■ What is expected
The data beneath this task has to be reprinted character for character.

■ Records shown
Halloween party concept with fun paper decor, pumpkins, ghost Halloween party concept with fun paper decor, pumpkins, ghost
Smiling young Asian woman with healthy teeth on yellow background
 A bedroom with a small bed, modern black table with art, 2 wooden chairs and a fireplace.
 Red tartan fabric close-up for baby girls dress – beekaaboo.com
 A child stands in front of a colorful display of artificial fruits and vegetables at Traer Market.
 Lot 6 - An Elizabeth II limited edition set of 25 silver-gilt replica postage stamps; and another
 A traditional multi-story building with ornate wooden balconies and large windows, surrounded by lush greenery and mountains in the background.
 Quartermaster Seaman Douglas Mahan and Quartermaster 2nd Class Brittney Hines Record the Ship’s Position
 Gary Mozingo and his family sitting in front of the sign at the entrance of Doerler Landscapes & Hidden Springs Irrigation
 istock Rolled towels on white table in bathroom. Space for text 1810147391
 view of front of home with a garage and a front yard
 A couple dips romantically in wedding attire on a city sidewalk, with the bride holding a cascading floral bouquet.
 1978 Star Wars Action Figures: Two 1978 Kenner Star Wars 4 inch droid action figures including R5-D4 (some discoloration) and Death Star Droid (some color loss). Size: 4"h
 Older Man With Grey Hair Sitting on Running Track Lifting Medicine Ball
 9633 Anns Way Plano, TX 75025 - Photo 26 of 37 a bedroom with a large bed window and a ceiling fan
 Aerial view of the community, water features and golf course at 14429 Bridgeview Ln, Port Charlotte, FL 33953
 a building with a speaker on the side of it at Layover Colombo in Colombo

■ Solution below
Halloween party concept with fun paper decor, pumpkins, ghost Halloween party concept with fun paper decor, pumpkins, ghost
Smiling young Asian woman with healthy teeth on yellow background
 A bedroom with a small bed, modern black table with art, 2 wooden chairs and a fireplace.
 Red tartan fabric close-up for baby girls dress – beekaaboo.com
 A child stands in front of a colorful display of artificial fruits and vegetables at Traer Market.
 Lot 6 - An Elizabeth II limited edition set of 25 silver-gilt replica postage stamps; and another
 A traditional multi-story building with ornate wooden balconies and large windows, surrounded by lush greenery and mountains in the background.
 Quartermaster Seaman Douglas Mahan and Quartermaster 2nd Class Brittney Hines Record the Ship’s Position
 Gary Mozingo and his family sitting in front of the sign at the entrance of Doerler Landscapes & Hidden Springs Irrigation
 istock Rolled towels on white table in bathroom. Space for text 1810147391
 view of front of home with a garage and a front yard
 A couple dips romantically in wedding attire on a city sidewalk, with the bride holding a cascading floral bouquet.
 1978 Star Wars Action Figures: Two 1978 Kenner Star Wars 4 inch droid action figures including R5-D4 (some discoloration) and Death Star Droid (some color loss). Size: 4"h
 Older Man With Grey Hair Sitting on Running Track Lifting Medicine Ball
 9633 Anns Way Plano, TX 75025 - Photo 26 of 37 a bedroom with a large bed window and a ceiling fan
 Aerial view of the community, water features and golf course at 14429 Bridgeview Ln, Port Charlotte, FL 33953
 a building with a speaker on the side of it at Layover Colombo in Colombo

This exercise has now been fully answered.